And you just begin…

A fun thing happened to me recently. I started doing some freelance writing and have actually gotten paid for it. (!!!)

This is a major milestone for me. Milestones are good, right? Markers of advancement.

But sometimes milestones feel more like boulders, don’t they. Looming over our path, casting shadows of doubt across our progress… It’s usually just an illusion, created in our own minds, but they can act as a real impediment nevertheless.

the self-styled life begin

Bath Road Milestone by Peter Reed on Flickr

As such, I’d been waiting to cross this milestone for a long time. People always say a “writer” is someone who writes. But for me, to feel I could truly call myself a writer, the money factor meant something. Perhaps it’s some trick of imposter syndrome, but having a paycheque to back up my claim has been important for me to feel authentic in adopting the title.

And this was daunting. Where to start? How to begin? Those initial questions that always freeze us up at the beginning. And the truth is that I don’t have some big, inspirational origin story. A friend recommended a freelancing website to me, I signed up, and I just began.

So I guess the wisdom is that if you can find a small, non-threatening step toward that thing that confronts you, pulls you, but scares you, take that step. And then take the next one. And before you know it you’re at a point that seemed unreachable not so long ago. Soon you’ll find yourself facing another daunting milestone. Because progress is a process of continuously starting, isn’t it? But you find the small step toward that goal. And you take it. And you just begin, over and over and over again.

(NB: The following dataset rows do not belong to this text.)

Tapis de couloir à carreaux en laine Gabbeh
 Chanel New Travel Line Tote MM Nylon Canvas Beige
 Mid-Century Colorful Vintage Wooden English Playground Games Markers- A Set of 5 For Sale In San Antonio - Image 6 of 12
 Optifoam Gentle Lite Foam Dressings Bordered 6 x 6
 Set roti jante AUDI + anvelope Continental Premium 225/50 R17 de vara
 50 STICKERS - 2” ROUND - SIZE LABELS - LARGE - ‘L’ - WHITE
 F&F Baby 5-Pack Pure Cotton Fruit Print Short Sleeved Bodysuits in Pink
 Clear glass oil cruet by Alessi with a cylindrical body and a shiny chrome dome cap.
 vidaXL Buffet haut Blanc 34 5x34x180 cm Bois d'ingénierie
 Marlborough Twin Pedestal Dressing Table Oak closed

the self-styled life Croatia

Steps in Dubrovnik, Croatia, a city of many secret staircases and hidden alleyways. Photo credit: ME!

What have I written? Ha. Nothing you’ll have read. But I don’t care. And I’ve made a mere pittance so far, because I simply don’t have enough time to make a living. Yet. What’s important is that I’m doing it, and other people are valuing something that I’ve always valued in myself.

And do you know what else happened? Once I started these writing projects for hire, my energy exploded, and I started writing all sorts of other things, things that maybe you will read someday.

My mom told me that she recently started painting, a hobby she’s wanted to pursue for years but has put off, thinking that she had more important things to do first. But then she just decided to start, hoping that maybe this creative effort would feed some of her other projects. And I couldn’t agree more with that assessment. It’s like exercise.

I think there comes a point when you realize that you have to just begin. None of us knows how much time we have here. It’s a trite reflection, but I feel this fact much more deeply now having lost someone close to me. And when you accept this, you realize you just have to begin because the consequences of NOT DOING feel so much worse than the worst possible consequences of DOING.

And so you just begin. 

What are you waiting to begin? What’s holding you back?

{And on another fun little note, I was finally able to buy theselfstyledlife.com, which had been parked and unused for many years, and this had been a bit of an impediment for me. Perhaps the universe is telling me it’s time to get back to work here, too! (And pro tip: if you start a blog, don’t cheap out. Just pay the $20 or whatever to get your own domain!)}

16 responses to “And you just begin…

  1. Congrats! I have an idea for a (gasp) new business (one that 2 people are saying I MUST DO NOW) and am totally daunted but also excited to start taking the baby steps to see if it’s even viable.

  2. Yet another lovely perspective Jean! I am so chuffed for your actual real-life writing job (and slightly more so for your .com win too!) I cannot wait to read some more of your stuff and you have once again motivated me to take a very tentative step towards freelance work (albeit I’m not sure if there’s a market for sleep-deprived ramblings with a misuse of semi colons!!!) x

  3. Woo Hoo!!!!! Great news about the writing gig and the domain. love you… sista’ deb.

    cheers~ deborah

    Deborah Goldstein *DRIVEN Professionals | Facebook | Twitter * *212-204-9467*

    On Fri, Oct 28, 2016 at 12:57 PM, the self-styled life wrote:

    > Jean Brown posted: “A fun thing happened to me recently. I started doing > some freelance writing and have actually gotten paid for it. (!!!) This is > a major milestone for me. Milestones are good, right? Markers of > advancement. But sometimes milestones feel more like bou” >

  4. Great start! I’m finally taking students on a trip abroad and it has opened up so many doors just to get started with the process! Just take one step and then take the next one!

  5. Boulders can be physical limitations that get in your thinking that prevent you from continuing working on goals you have had established for years that seem to never get reached and you start to see yourself not being able to handle things as well and you find yourself constantly re-evaluating your plan and wondering if this is truly what you want or if you just want to enjoy life. I am 66 and handicapped and my vision feels like it needs adjustment but I don’t know how. My blog below gives you the beginning of my journey.

    • Thanks for reading and commenting! I’m sorry for your difficulties–I think about this a lot, the importance of health, especially seeing my dad with the Parkinson’s. I think it’s great you’re writing through your journey. I love your list of ideas at the end–the sustainable and accessible dream house sounds amazing, as do all the travel plans. I say keep at those goals, for sure!